Write out exactly the lines from the one with "Batom Das Famosas" through the last line of the data below, but not the pictures.
-- Records shown follows --
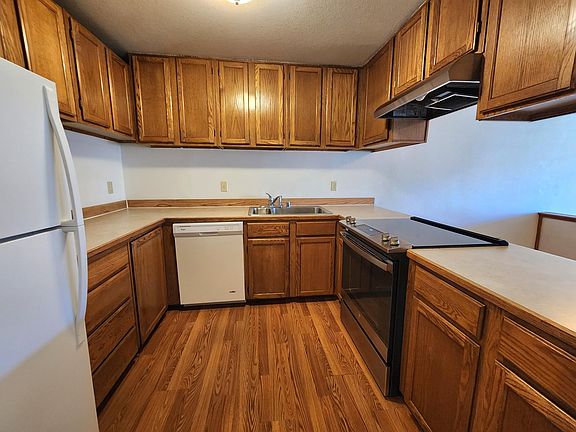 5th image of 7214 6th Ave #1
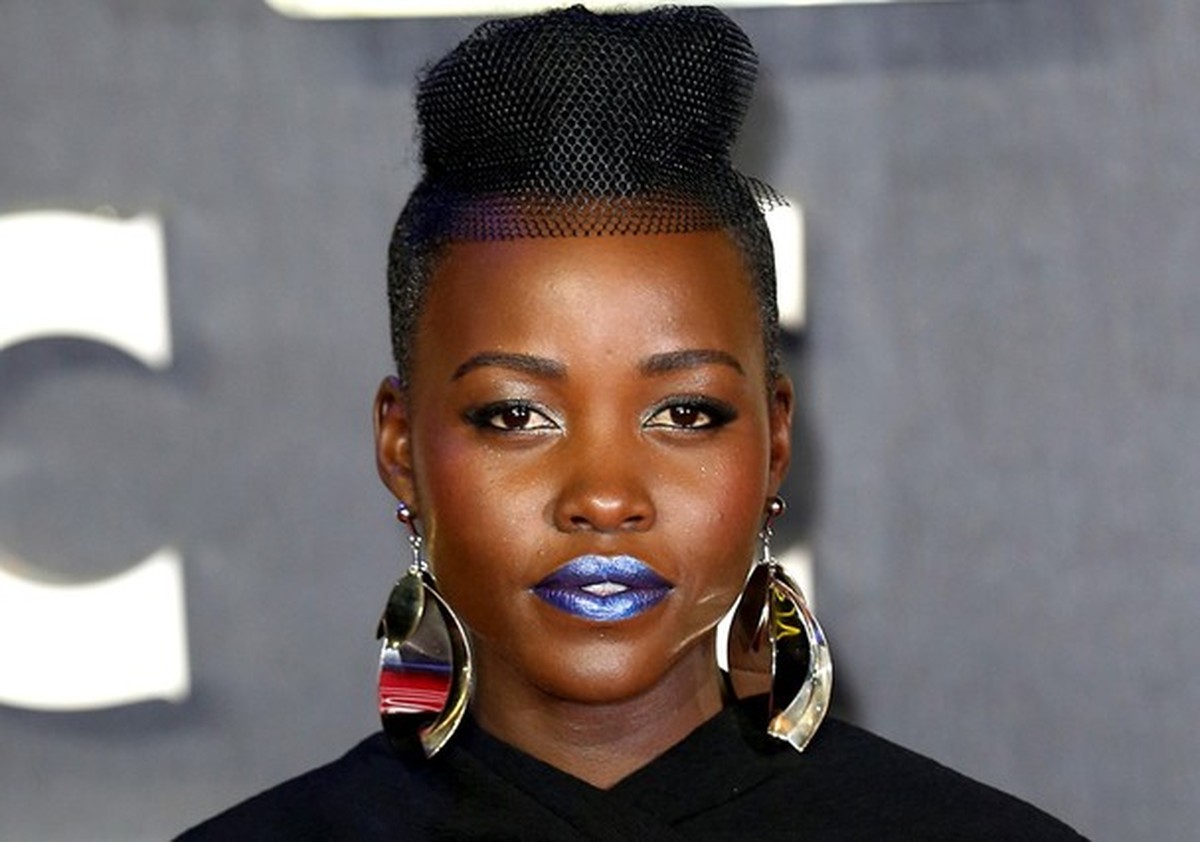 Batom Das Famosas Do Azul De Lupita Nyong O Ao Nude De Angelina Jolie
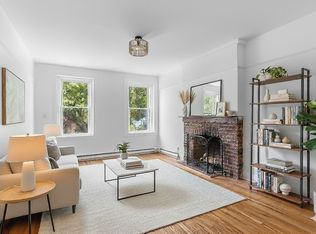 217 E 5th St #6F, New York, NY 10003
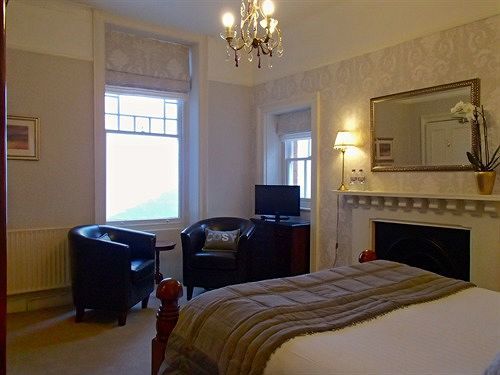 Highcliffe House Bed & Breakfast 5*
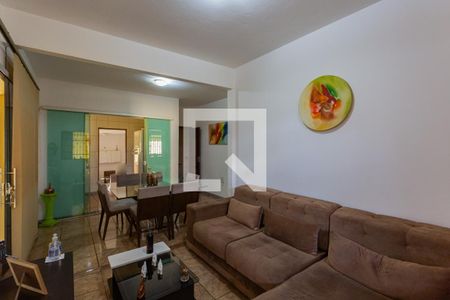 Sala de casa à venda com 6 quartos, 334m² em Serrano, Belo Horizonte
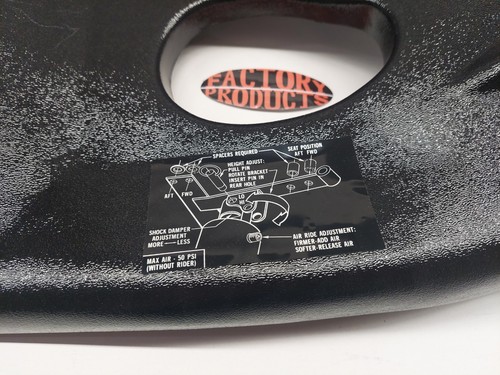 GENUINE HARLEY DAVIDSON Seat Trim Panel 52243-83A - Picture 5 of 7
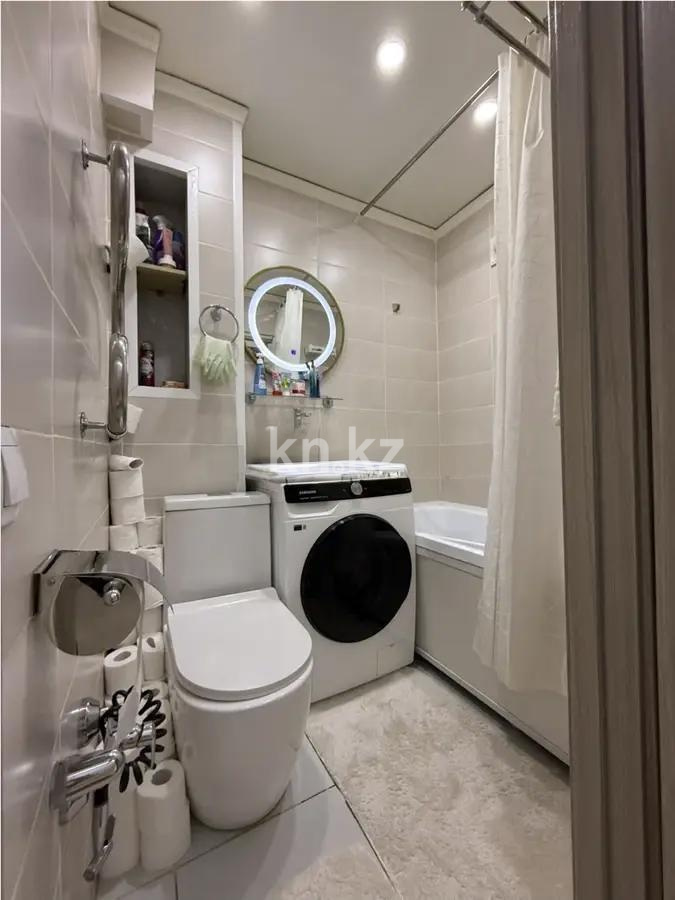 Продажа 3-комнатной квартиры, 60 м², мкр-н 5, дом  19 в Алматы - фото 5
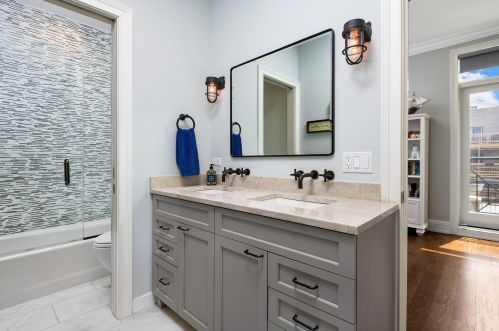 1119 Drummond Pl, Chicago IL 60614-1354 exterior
-- Records shown concluded --
* **Task response**
 Batom Das Famosas Do Azul De Lupita Nyong O Ao Nude De Angelina Jolie
 217 E 5th St #6F, New York, NY 10003
 Highcliffe House Bed & Breakfast 5*
 Sala de casa à venda com 6 quartos, 334m² em Serrano, Belo Horizonte
 GENUINE HARLEY DAVIDSON Seat Trim Panel 52243-83A - Picture 5 of 7
 Продажа 3-комнатной квартиры, 60 м², мкр-н 5, дом  19 в Алматы - фото 5
 1119 Drummond Pl, Chicago IL 60614-1354 exterior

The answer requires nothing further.